(Collected data)
BEGIN
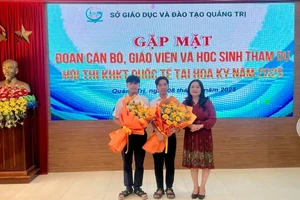 TS Lê Thị Hương, Giám đốc Sở GD&ĐT Quảng Trị động viên đoàn và 2 học sinh lên đường may mắn.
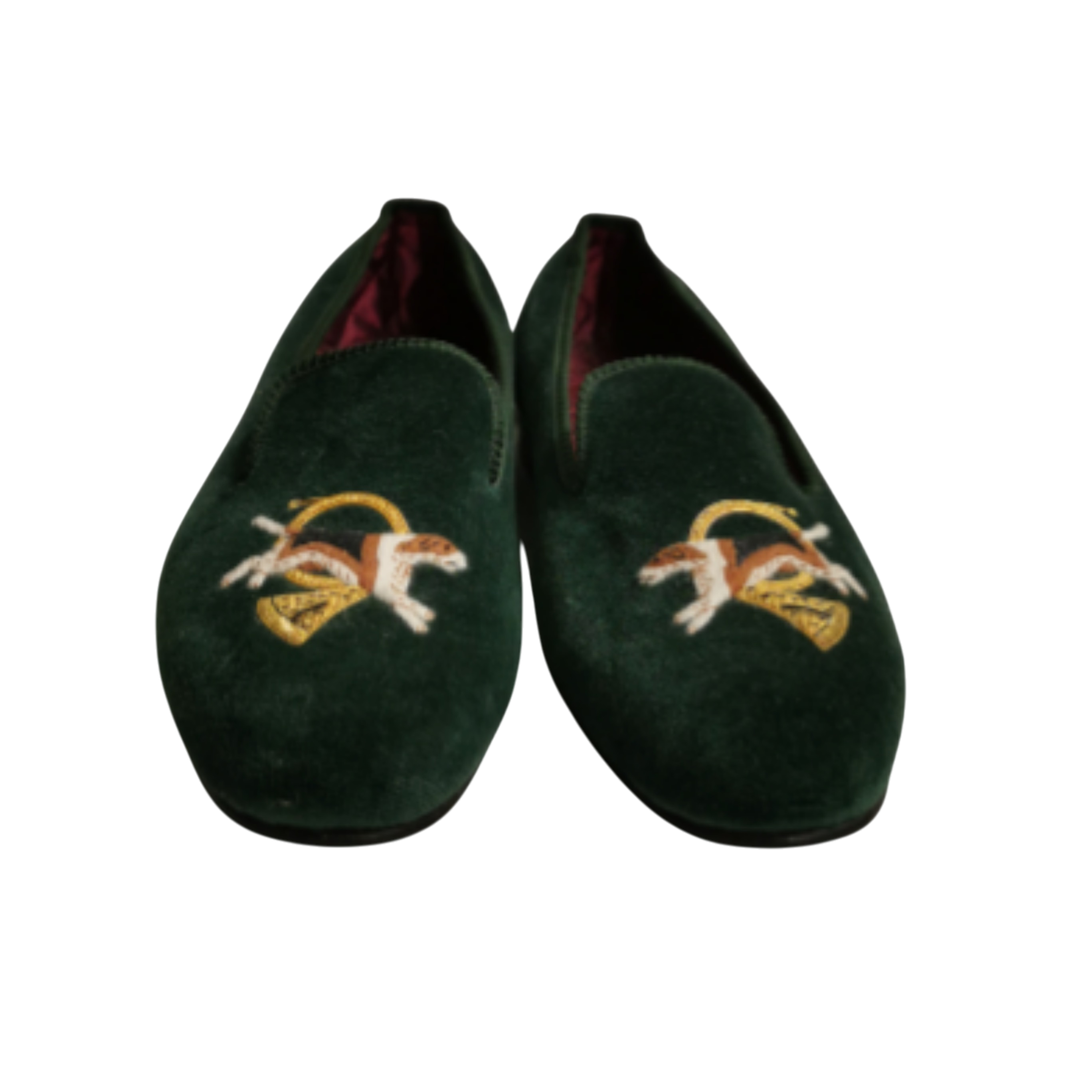 Slipers Homme motif chien et Trompe Matthew Cookson . Fait en velour de coton et brodées à la main avec une semelle en cuir. Made in England taille 8. Bon état - 180,00 € Slipers Homme motif chien et Trompe Matthew Cookson . Fait en velour de coton et brodées à la main avec une semelle en cuir. Made in England taille 8. Bon état reconditionné disponible sur Label Emmaüs
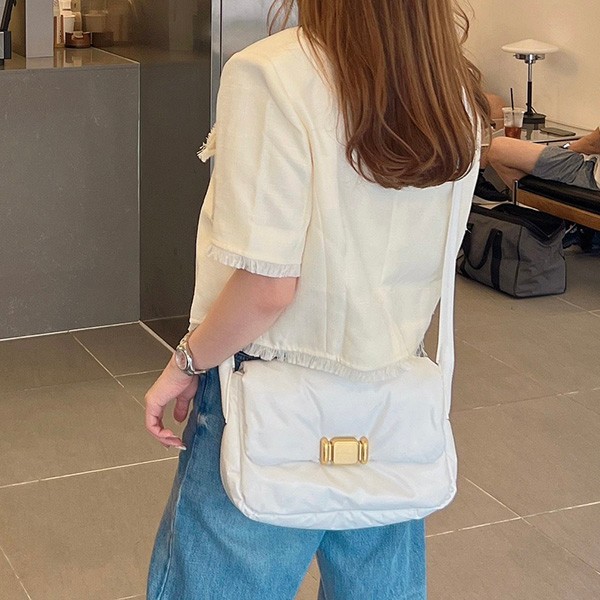 Bottega Veneta Pillow Replica Shoulder Bag bos29046 Bottega Veneta Pillow Replica Shoulder Bag bos29046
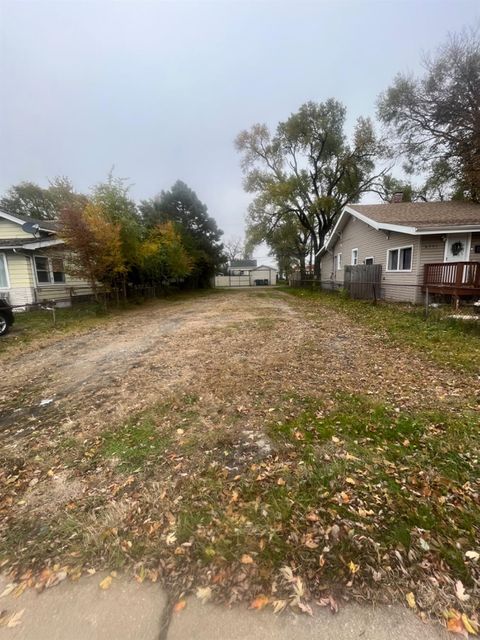 Unimproved Land in Hammond IN 6345 Calumet Avenue 1.jpg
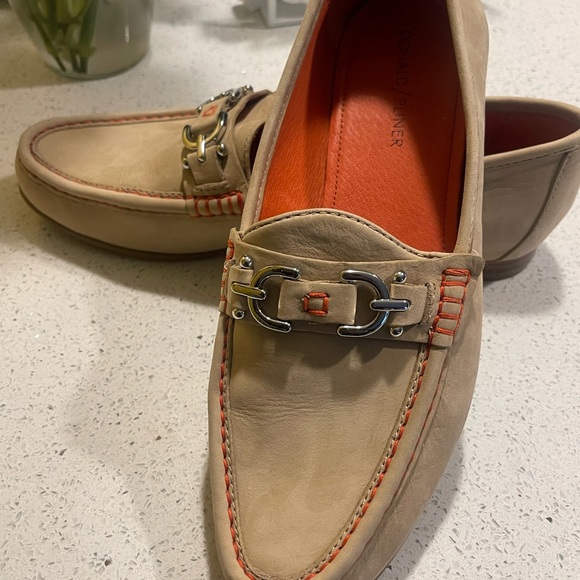 Donald J. Plainer Women Flats - Picture 7 of 7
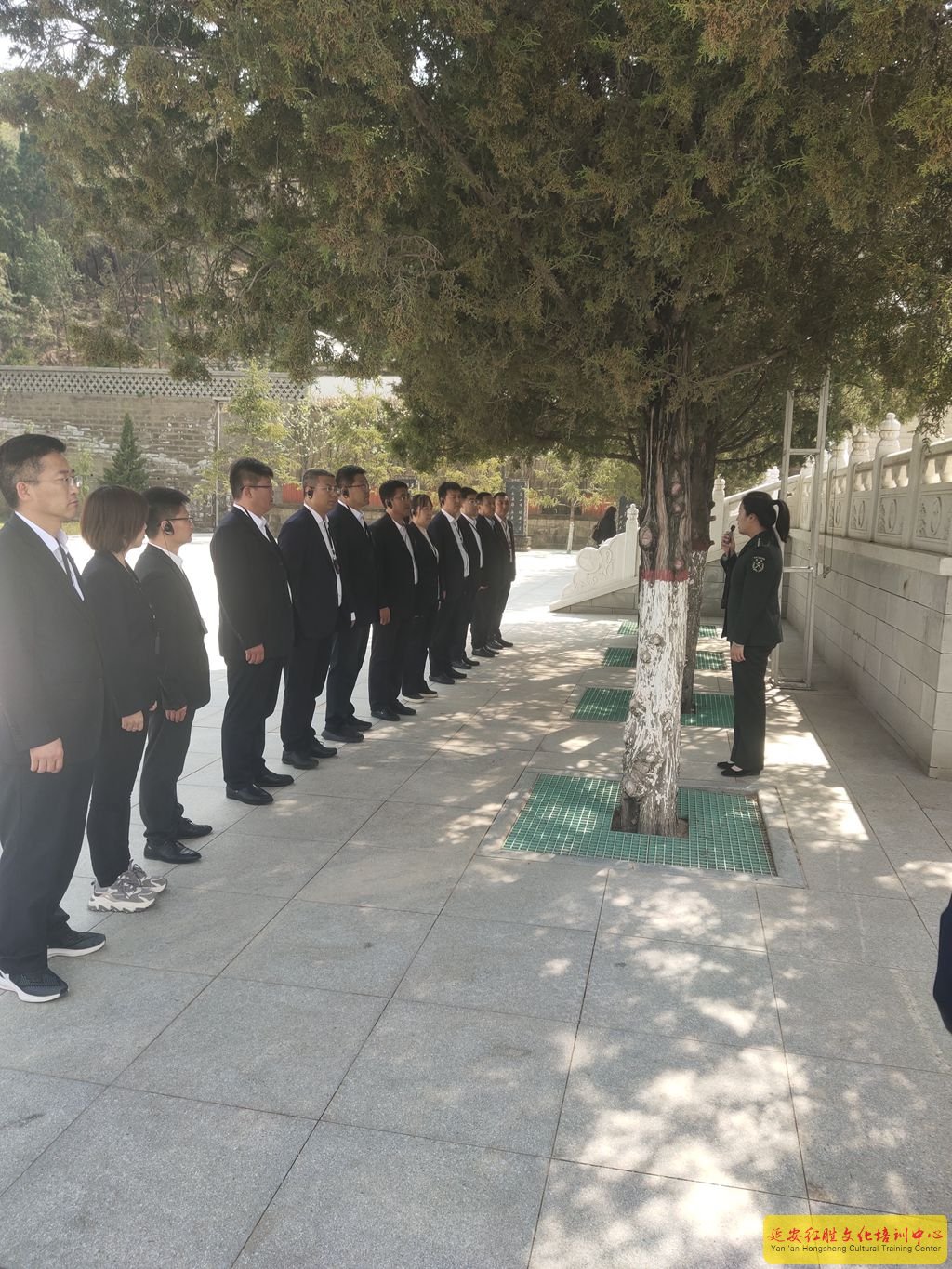 延長氣田采氣一廠祭奠革命先烈主題黨日活動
END
[TASK DESCRIPTION]
Pictures stay out. Copy exactly, and only, the lines from the one containing "sur Label Emmaüs" through the end of the data.

[RESPONSE TO THE EXERCISE]
 Slipers Homme motif chien et Trompe Matthew Cookson . Fait en velour de coton et brodées à la main avec une semelle en cuir. Made in England taille 8. Bon état - 180,00 € Slipers Homme motif chien et Trompe Matthew Cookson . Fait en velour de coton et brodées à la main avec une semelle en cuir. Made in England taille 8. Bon état reconditionné disponible sur Label Emmaüs
 Bottega Veneta Pillow Replica Shoulder Bag bos29046 Bottega Veneta Pillow Replica Shoulder Bag bos29046
 Unimproved Land in Hammond IN 6345 Calumet Avenue 1.jpg
 Donald J. Plainer Women Flats - Picture 7 of 7
 延長氣田采氣一廠祭奠革命先烈主題黨日活動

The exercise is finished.